Les menus arrangements avec sa
conscience que sont les compromis moraux de type jésuitique sont d’autant plus
écoeurants qu’ils sont pratiqués et excusés par des moralisateurs. C’est
pourquoi la lecture des Provinciales de
Pascal est au premier abord réjouissante. Oui, « la vraie morale se moque de la morale ». Et on se sent complice
du philosophe, empli comme lui d’une juste indignation devant les hypocrites et
autres tartuffes à la solde du religieux qui s’est fait politique. On jubile de
lire dénoncée la direction mal menée des consciences faibles ou complaisantes
et on aspire à devenir meilleur, c’est-à-dire à traquer en soi-même celui que
le confesseur jésuite, moins pointilleux, laissait en paix.
« En soi-même » et
non chez autrui. Les lecteurs perspicaces se garderont donc du vertige de
devenir meilleurs par comparaison à leurs semblables. Le devenir par rapport à
ce qu’on était auparavant est une épreuve plus décisive et sauvegarde d’un
orgueil mal placé – car l’orgueil ne l’est pas toujours.
Mais quand il l’est, armé de la
sottise et de l’ignorance, il conduit à s’autoproclamer réformateur des autres.
La morale ou Dieu ou les deux l’exigeraient. Ces réformistes tombent alors dans
le précipice appellé « pureté », précipice déjà bien plein tant à
chaque époque la réaction au prétendu relâchement moral est prétexte au pire.
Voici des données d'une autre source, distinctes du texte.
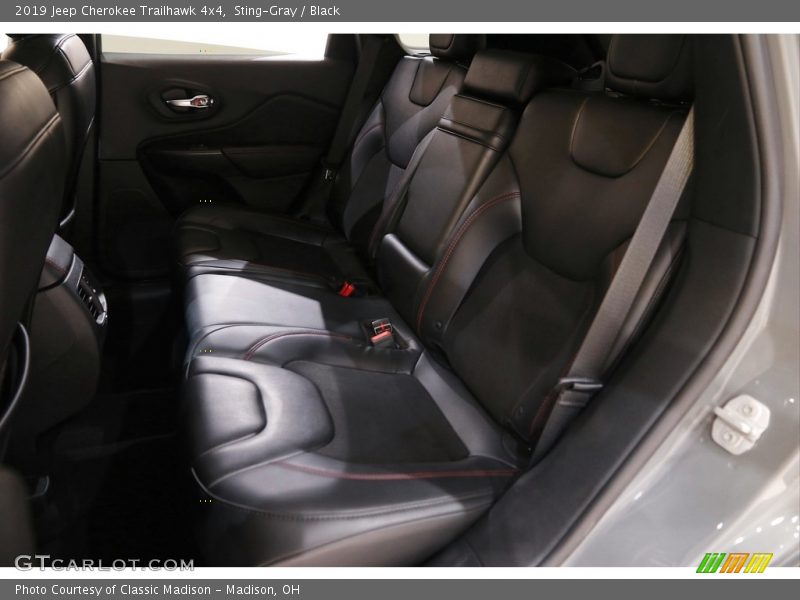 Sting-Gray / Black 2019 Jeep Cherokee Trailhawk 4x4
« Catholiques » mais aussi « cathares » se sont de leur
temps emparés du même suffixe grec pour porter en étendard leur pureté, grâce à
quoi les premiers, après s’être séparés des orthodoxes ( ceux qui suivaient la « droite
doctrine », il ne fallait pas être en reste ) ont pu allègrement
exterminer les seconds qui leur reprochaient leur impureté ( et un peu leurs
prétentions sur leurs fiefs ). Historiquement, on finit toujours par être
l’impur de quelqu’un.
Qui qu’ils soient,
ces pourfendeurs d’une soi-disant immoralité se laissent ennivrer par le mal,
celui qu’ils imaginent en autrui et celui qu’ils commettent. Car pour remplacer
une morale par une autre, ils commencent par détruire, humilier, blesser ou
tuer. Ainsi naît le fanatisme, quand les enfants se font plus sévères que leurs
parents, les élèves plus formels que leurs maîtres. Ces fanatiques-là refusent
tout compromis parce que le compromis qui les a d’abord justement choqués
devient un prétexte pour combler, par la destruction de ceux qui l’acceptent, l’absence
de tout projet constructif.
Sous cet angle, le
jésuitisme décrié par Pascal apparaît comme un moindre mal. Sa tolérance pour
les entorses à la règle est plus ridicule que révoltante ; elle est la petite
porte de sortie à la taille d’un homme moyen. Peut-être que savoir se contenter
de cette médiocrité a fini par tenir lieu aux pères jésuites de « sagesse »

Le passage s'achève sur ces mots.